Supplied data:
▬▬▬▬▬▬

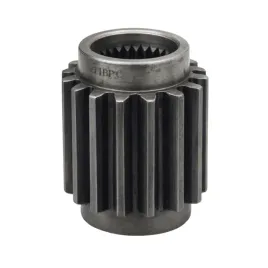 jcb-piasta-tarczek-hamulca-koparko-ladowarka-3cx-4cx-453-30304-oryginal
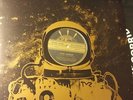 Third Man Records Carl Sagan 12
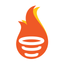 FunnelFLARE icon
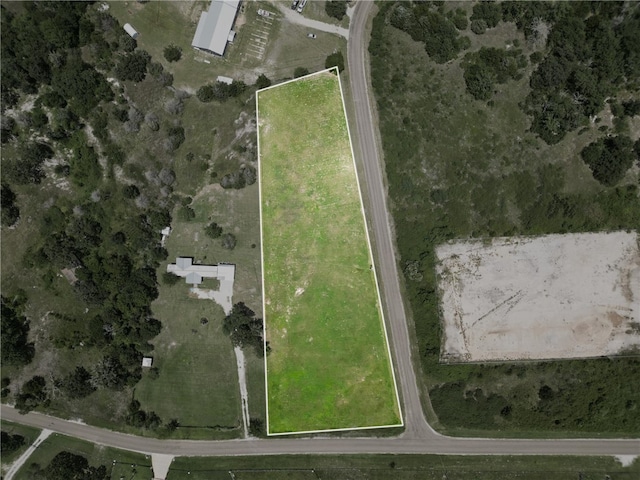 23403 Chisolm Trl, Navasota, TX 77868 - photo 1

▬▬▬▬▬▬

Work item: Your answer must be an exact copy of the listing, minus its pictures.

Written solution:
 jcb-piasta-tarczek-hamulca-koparko-ladowarka-3cx-4cx-453-30304-oryginal
 Third Man Records Carl Sagan 12
 FunnelFLARE icon
 23403 Chisolm Trl, Navasota, TX 77868 - photo 1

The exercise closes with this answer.